What it takes to get in

It is said that classical music is inaccessible to low-income citizens based on concert ticket pricing, but what is said about its accessibility to study it?

Here you will find information on what is needed to get into some well known institutions (I am using piano majors to unify this example)

New England Conservatory:

Eastman School of Music:

Oberlin Conservatory:

To sum it up, you need to have certain skills before these colleges take a second look at your application. Most people aren't born with these skills, and therefore have to learn them from a teacher. With years and years of study, one can get these skills.

Lets look at how much this education could cost. 5 years, $30 a lesson, one lesson a week. With 52 weeks in a year, that comes to $7,800. Now imagine if I used a number that actually approximates the actual price of a lesson.

It is simply not possible for a person interested, but not educated in music, to decide to attend music school half way through senior year of high school. You need years worth of skills and the money to pay for them. A public school student with good grades and various math / science courses under his/her belt has a fair shot at engineering school. The math / science courses needed to get into engineering school are provided by the public school, the music education is not.

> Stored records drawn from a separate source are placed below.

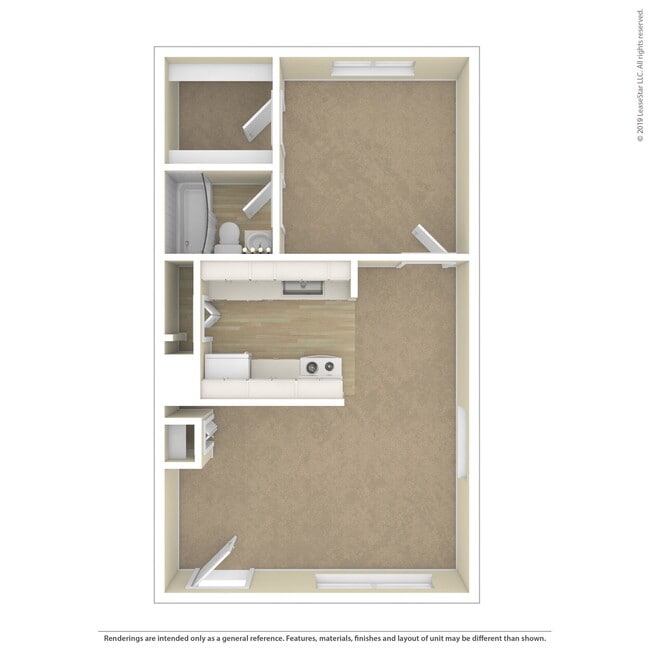 Photo - Willow Park Apartments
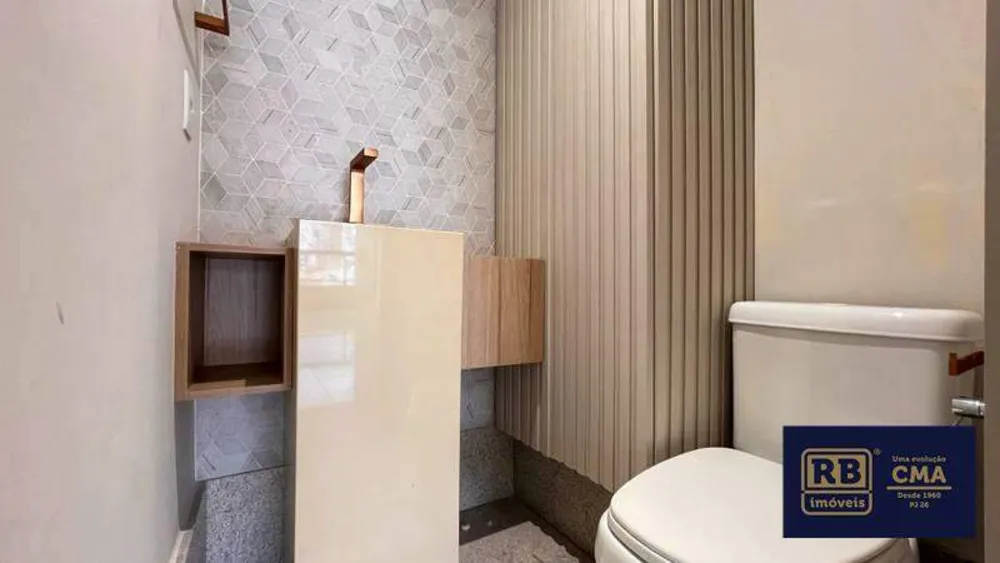 Cobertura, 3 quartos, 220 m² - Foto 3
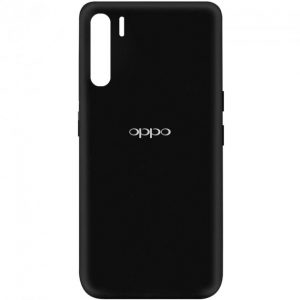 Чохол Original Soft для Oppo A91 (Чорний / Black)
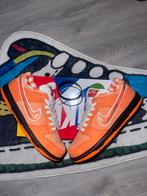 Nike dunk sb low orange lobster, Kleding | Heren, Schoenen, Ophalen of Verzenden, Zo goed als nieuw, Sneakers of Gympen, Nike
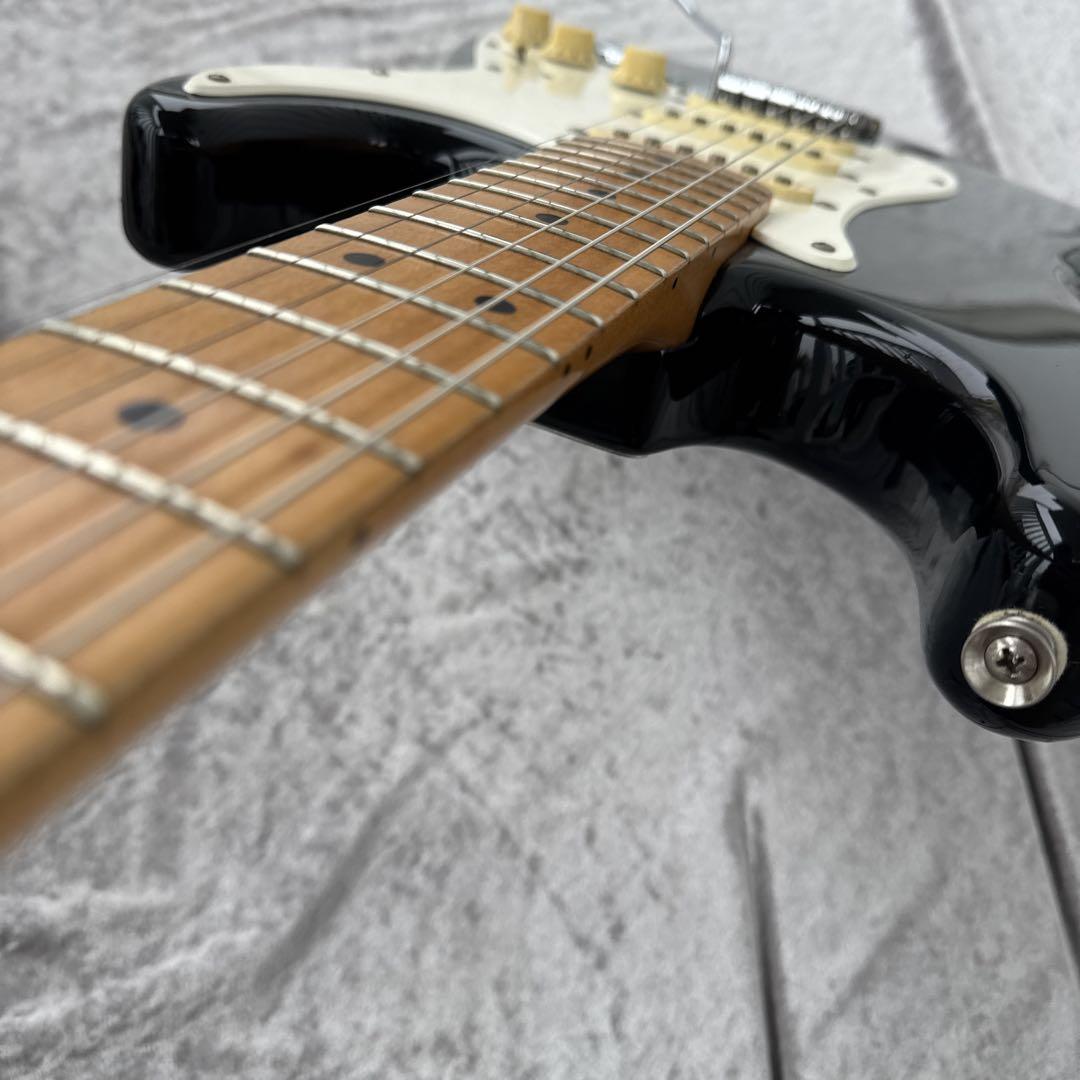 状態良好 メンテ済 Fender Mexico SS Stratocaster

We, the lucky ones, owe so much to our parents. They gave us the option to choose music school. Unfortunately, not all parents posses the resources needed to provide such options.

At the very least, early education must provide every student the option to move on to higher education, in all fields, free of preliminary costs. Hard work is the only thing it should take to get in.

1 comment:

Lindsey said...

I agree with you on this, as most of us would I assume. If it werent for my mother's insistance that I "just try" an instrument in 4th grade, I wouldn't be where I am today. My family has supported my music making dreams from the beginning. But it takes years of work and money and support from others, not just from family - music in schools play a large role.

Early education forms a large part of early musical development in children, at least it did for me, and lately with the economy such as it is, and with everybody trying to weed out the unnecessary subjects in schools, often it is the music courses that are the first to be cut.

If I hadn't had Mrs. Larson in 1st grade make me play the recorder in music class, I wouldn't have ever had any interest in starting piano lessons the following year, or flute lessons later still. It is troubling that many kids today are not given these opportunities at this young age. It takes years to develop skills that will be acceptable to schools like Eastman or Oberlin, and without the support in schools it wouldn't be possible.